(Metagame Archive) Dropping In On Friends

By Brian-David Marshall


Two weeks in, and already we’re wrapping up our team-by-team assessment of Web of Spider-Man in Sealed Pack play.

Sort of. Next week we’re going to look at how you can successfully shuffle the two main affiliations together, and which of the random X-Men, Fantastic Four, and Sentinels might make it into your deck. In the meantime, let’s get to the new set’s namesake and his pals.

If you recall last week’s column, I raved about the Sinister Syndicate’s early game, with the dizzying trifecta opening of Vulture, Hammerhead, and Rhino. The Spider-Friends don’t have any openings that are nearly as exciting. Not unlike a comic-book storyline, the villains may often make the heroes look foolish in the opening act, but the good guys triumph as the story progresses.
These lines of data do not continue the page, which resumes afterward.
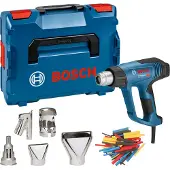 Bosch varmluftspistol GHG 23-66 Professional+ 5-delt tilbehør blå/svart (06012A6303)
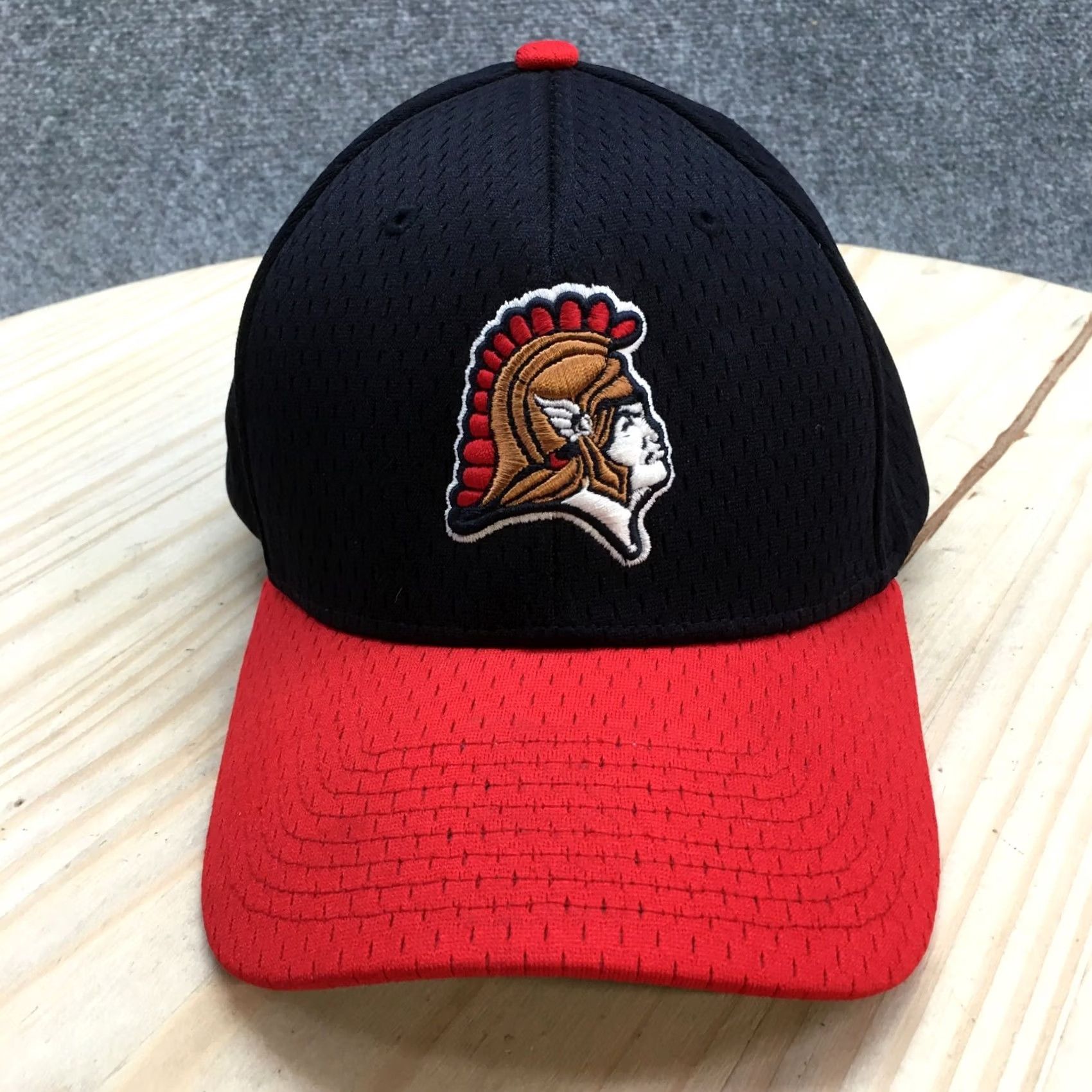 Vintage Richardson Ottawa Senators Baseball Cap Hat Mens One Size Red Black Adjustable Embroidered Size ONE SIZE - 2 Thumbnail
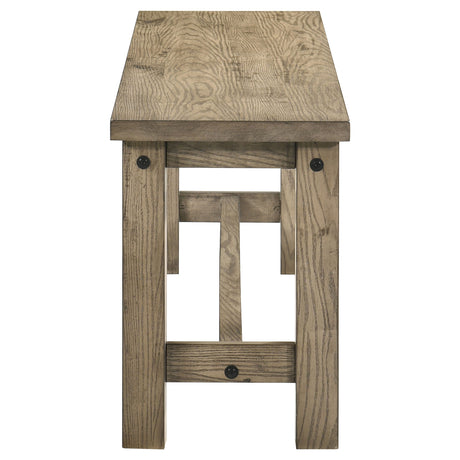 Cardova Vineyard Oak 51-inch Solid Wood Dining Bench - Ornate Home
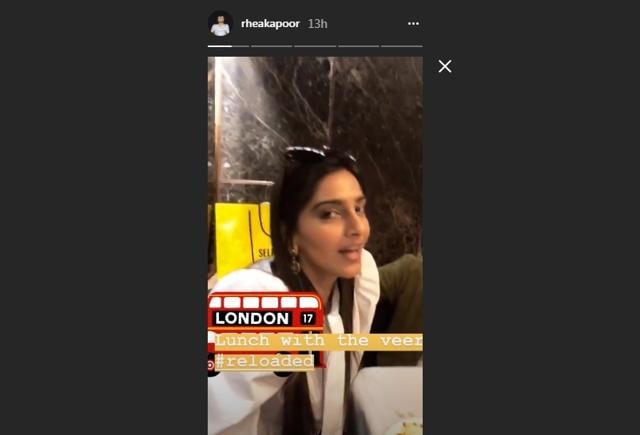 Sonam Kapoor reacts at being ‘videographed’ by sister Rhea. Sonam Kapoor reacts at being ‘videographed’ by sister Rhea.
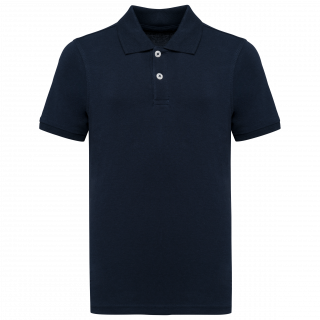Polo écoresponsable maille piquée enfant NS209 - Navy Blue personnalisable - Vue de face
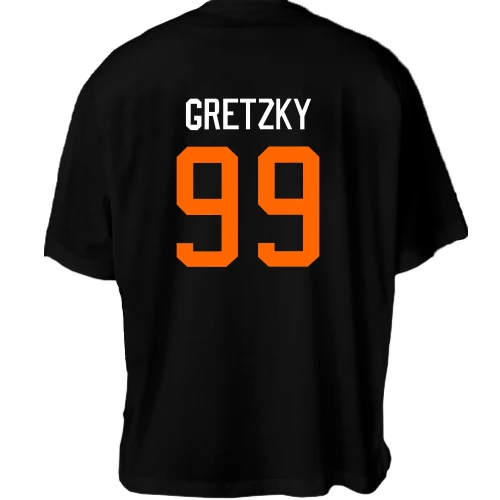 Футболка двунитка Oversize Wayne Gretzky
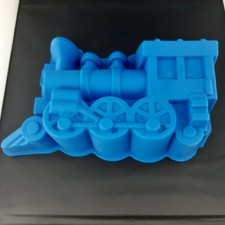 Train Silicone Cake Mould Large Blue Mold 11 inches x 7 inches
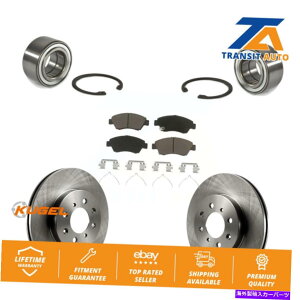 Wheel Hub Bearing z_VrbNf\p̃tgzC[xAOfBXNu[L[^[ƃZ~bNpbhLbg Front Wheel Bearing Disc Brake Rotor And Ceramic Pad Kit For Honda Civic del Sol
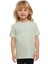 Soft Yeşil Basic Unisex Çocuk Sıfır Yaka Kısa Kollu Tişört 1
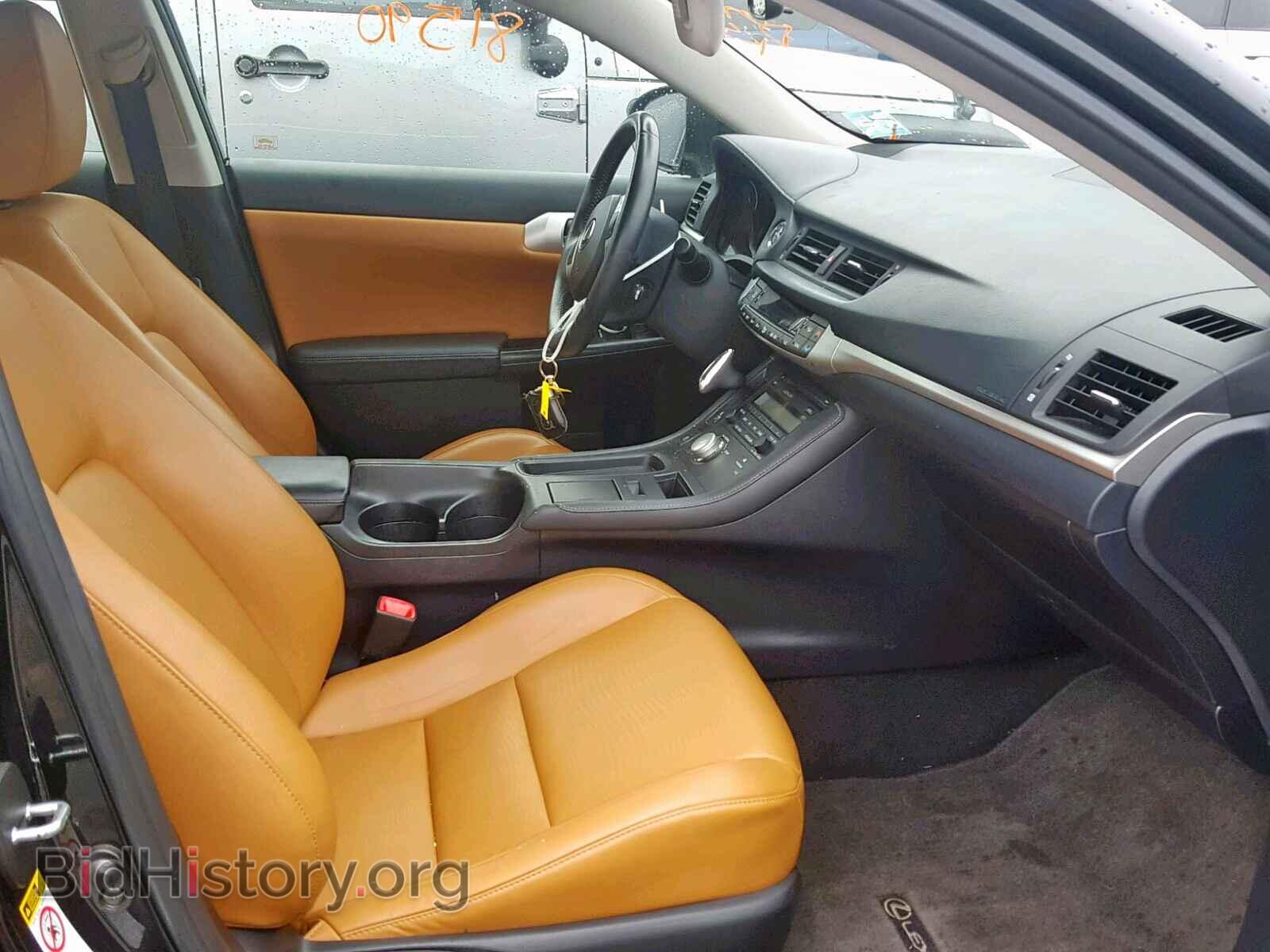2011 LEXUS CT 200 - VIN: JTHKD5BH2B2014338 - Фото 5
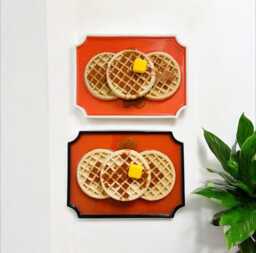 Waffle Wall Hanging/ Dopamine Decor/ Maximalist Fake Food/ Food Pop Art/ Sculpture/ Funky Decor/Fun Gift
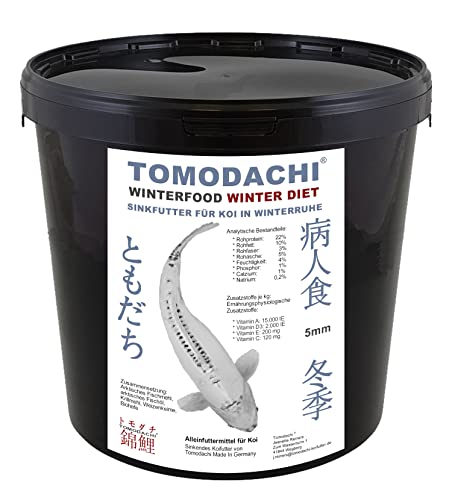 Koifutter Winterfutter Koi Sinkfutter energiereich arktische Rohstoffe hochverdaulich bei Kälte Koisinkfutter Tomodachi WinterDiet 5mm 3kg Eimer von Tomodachi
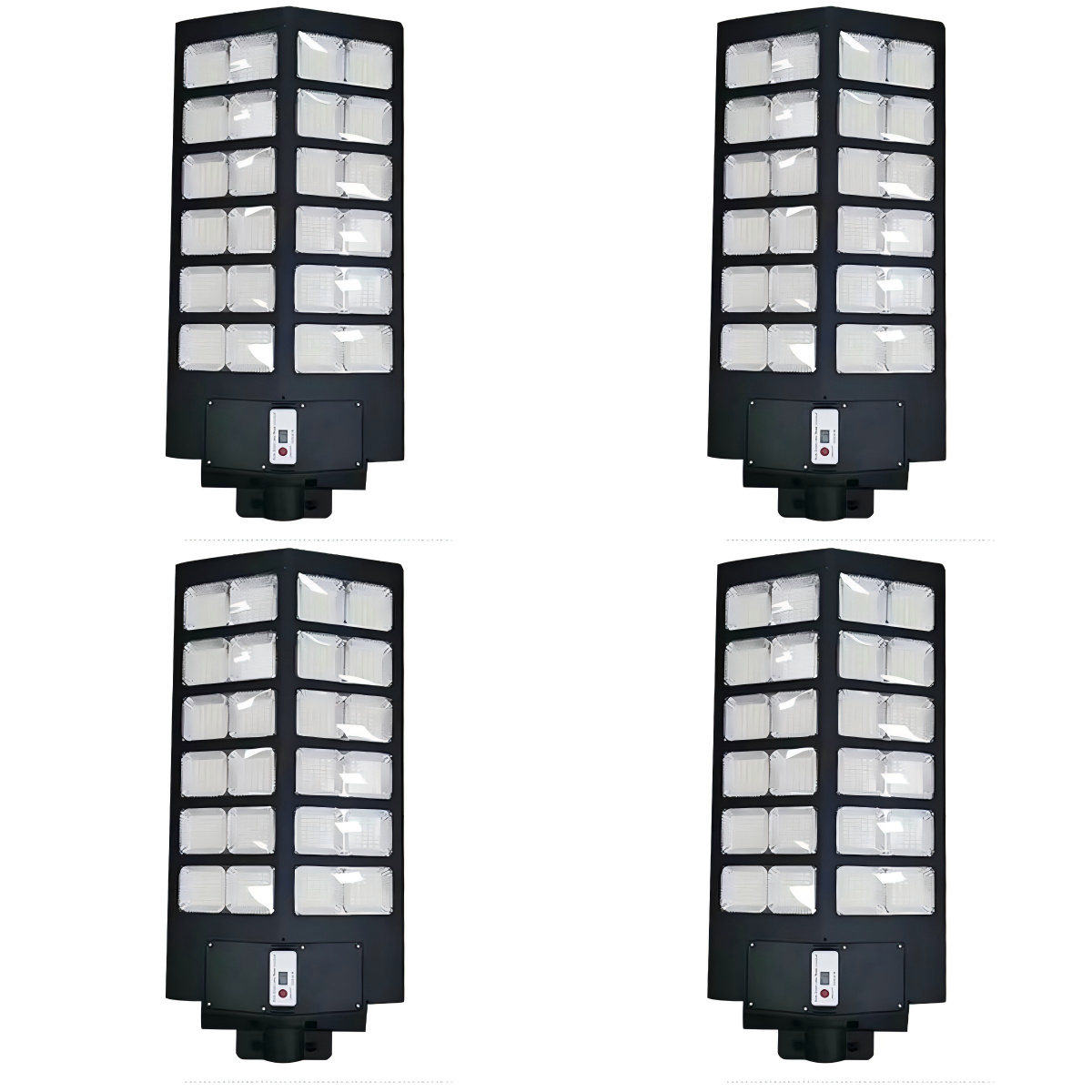 2000W Solar Street Lamp with Remote and Sensor - Pack of 4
If you are drafting dedicated Spider-Friends, your best cards come from the 3 slot forward (whereas I feel it’s the 3 slot backward for the bad guys), but you still need to pay attention to your early curve or you can get run over by an aggressive Syndicate draw. If you don’t make a play until the third turn, you will find yourself in a deep, dark hole. Thanks to endurance gain from the old man (Vulture), I have seen endurance differentials of almost 30 points by the time turn 4 rolls around.


Unlike when you’re drafting the bad guys, you don’t need to spend much energy on your 1- and 2-drops. Wild Pack is really the best you have at this slot, and it is not something you need to worry about until the pack makes its second go around the table. Wild Pack is not terribly exciting, but he is a party animal compared to Prowler and Rocket Racer. If you get enough Wild Packs, you can create an explosive draft deck that rivals the Syndicate’s 1-2-3 punch. It’s not the end of the world if you don’t end up with a 1-drop, but if you get the initiative against a Syndicate deck, it is nice to be able to stun Vulture on that first turn.